Hungarian oil and gas company MOL has enough resources for an acquisition worth over $1 billion and is examining expansion targets in the region including Polish oil refiner Lotos, MOL chief executive József Molnár told the business daily Napi Gazdaság.

Speaking of the ongoing dispute over its ownership in INA, Molnár said MOL may offer the Croatian government treasury shares in exchange for shares in INA, which “could help toward solving the INA situation.”  Molnár said he regarded the attacks on MOL as part of an internal political warfare in Croatia.

At the moment "organic growth, and within that, quality growth gets more emphasis at MOL than acquisitions," business daily Napi Gazdaság quoted Molnár as saying.
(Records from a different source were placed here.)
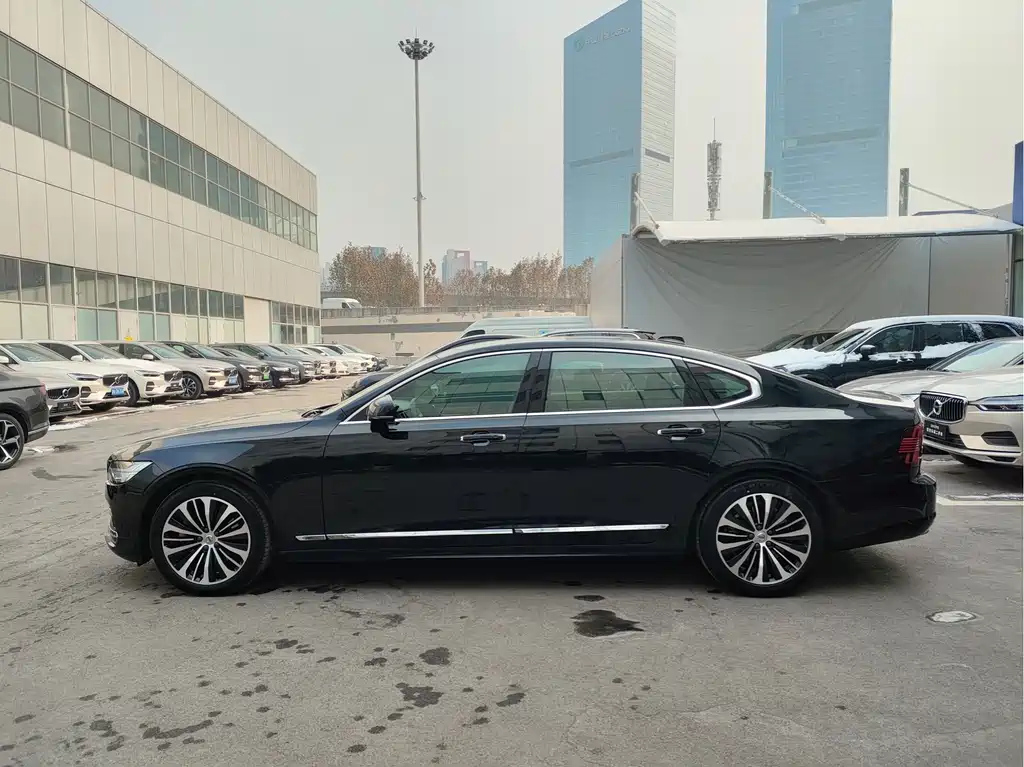 VOLVO S90 2022
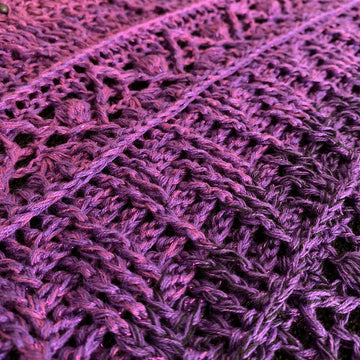 Flat Triangular Scarf "Eunomia"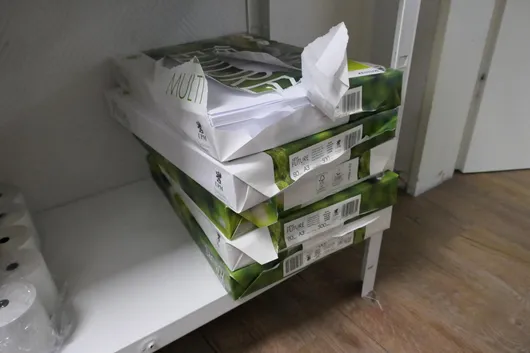 5x Kopierpapier (teilweise geöffnet)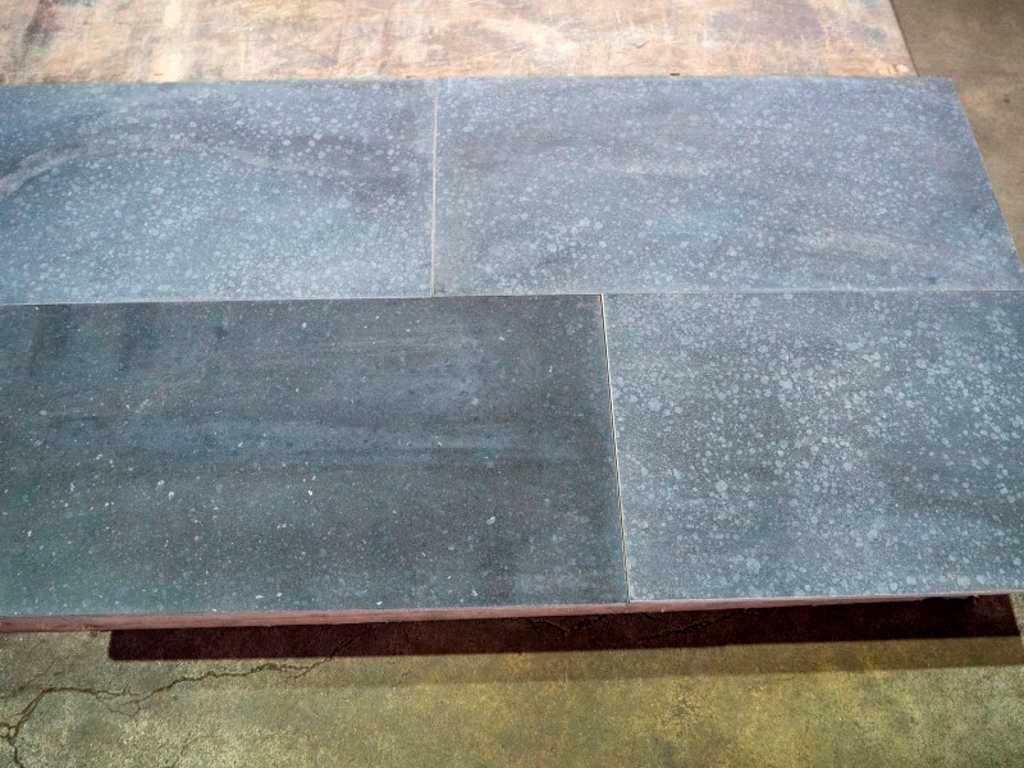 Natural stone tiles 28m²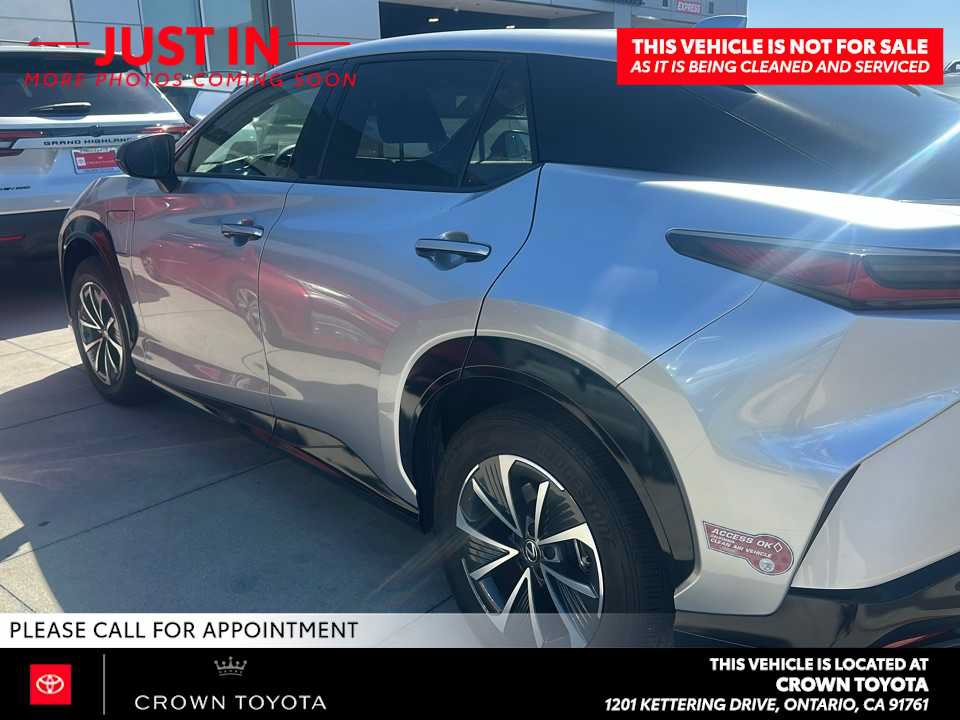 Used 2024 Lexus RZ 300e Premium w/ Accessory Package (2T) FWD image 4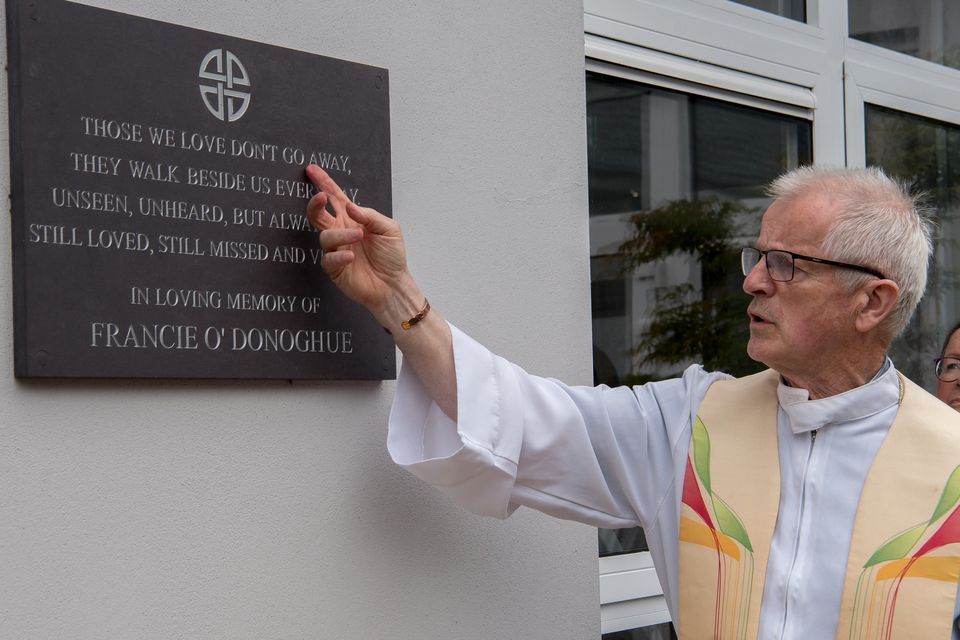 Fr Larry Kelly who officially unveiled a plaque in memory of the late Cahersiveen man Francie O'Donoghue on his 10th anniversary.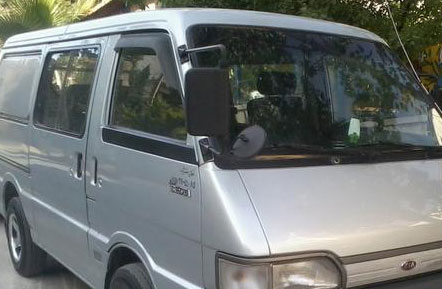 الأمن يبحث عن سارق باص " كيا بستا " في اربد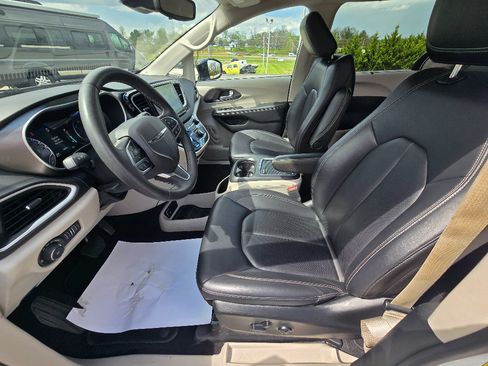 Used 2024 Chrysler Pacifica Touring-L FWD image 11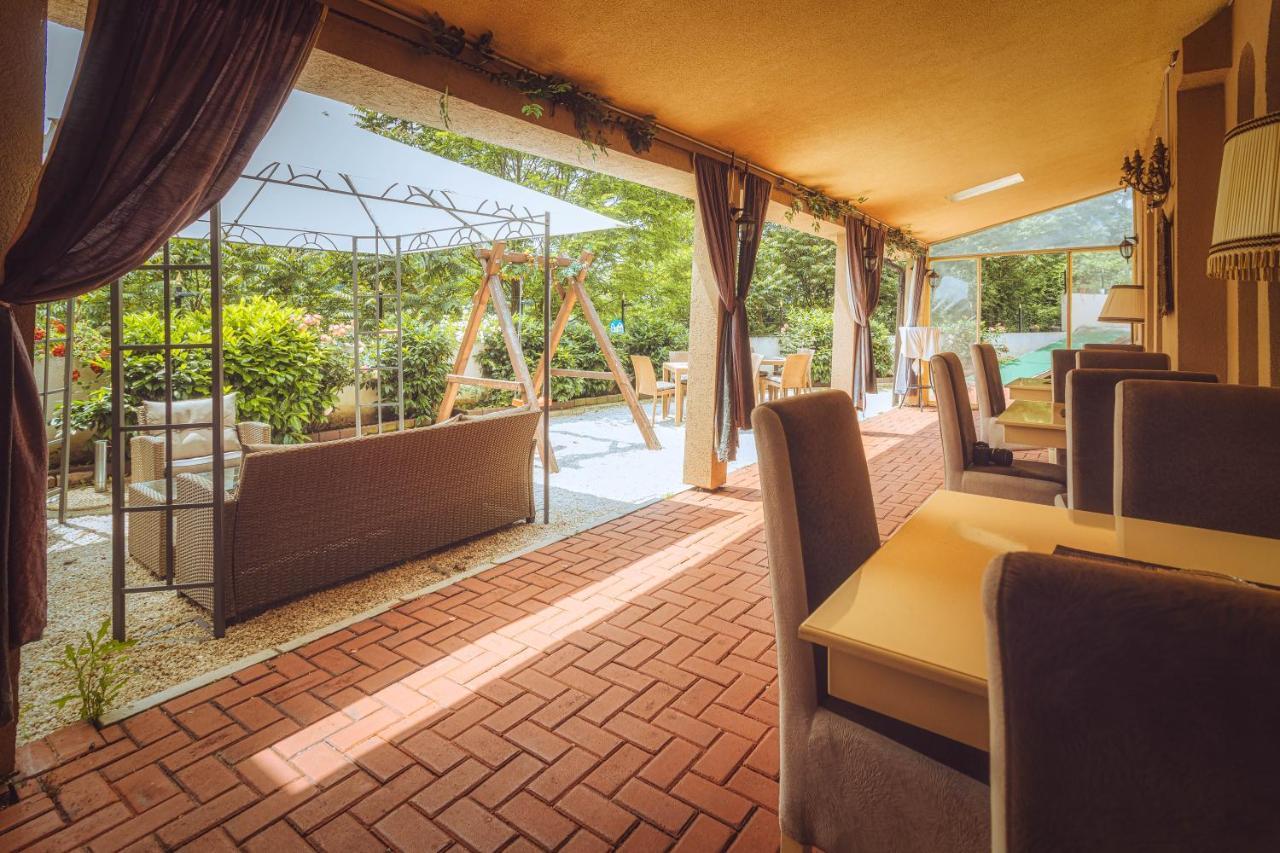 Vila Rococo Beograd Ngoại thất bức ảnh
However "we are still looking at opportunities in the region, even with regard to the geographically somewhat distant Lotos," Molnár said.

Poland expects to pick a buyer for its controlling stake in Lotos by early 2012. The government's 53% stake in the Gdansk-based refiner is worth around 3 billion Polish zloty ($1.08 billion) at market prices.

The capability of MOL to take out loans has improved recently since the Hungarian government bought the 21.2% stake in the company from Russian oil and gas company Surgutneftegas for €1.88 billion in a transaction closed on July 6, but "right now there are not too many firms for sale worth buying", the CEO said.

MOL's shares "can come in handy" in a resolution of the situation surrounding the company's Croatian subsidiary INA, and/or in any acquisition attempt whatsoever, Molnár said.

The CEO said MOL expected a gradual increase in fuel consumption, mainly in diesel consumption, where the company sees 3-4% annual growth on a sustained basis, while in petrol it forecasts 1-1.5% consolidated growth across its markets in the region.

MOL, which paid no dividend in the past two years, could return to its previous dividend policy at some point, although "in terms of the majority of our large shareholders, I think they are more interested in the stability (of the dividend) rather than the dividend itself," he said.

"In the future MOL can get nearer to its previously set dividend policy."

Answering a question relating to earlier implications that the company expects the Hungarian government to decide how and for what it wants to use its MOL shares, Molnár emphasized that the company "should work in the interest of its shareholders and the profit, regardless of any other consideration".

"MOL's got to have balanced relations with the government whether it is a shareholder or not", the CEO added.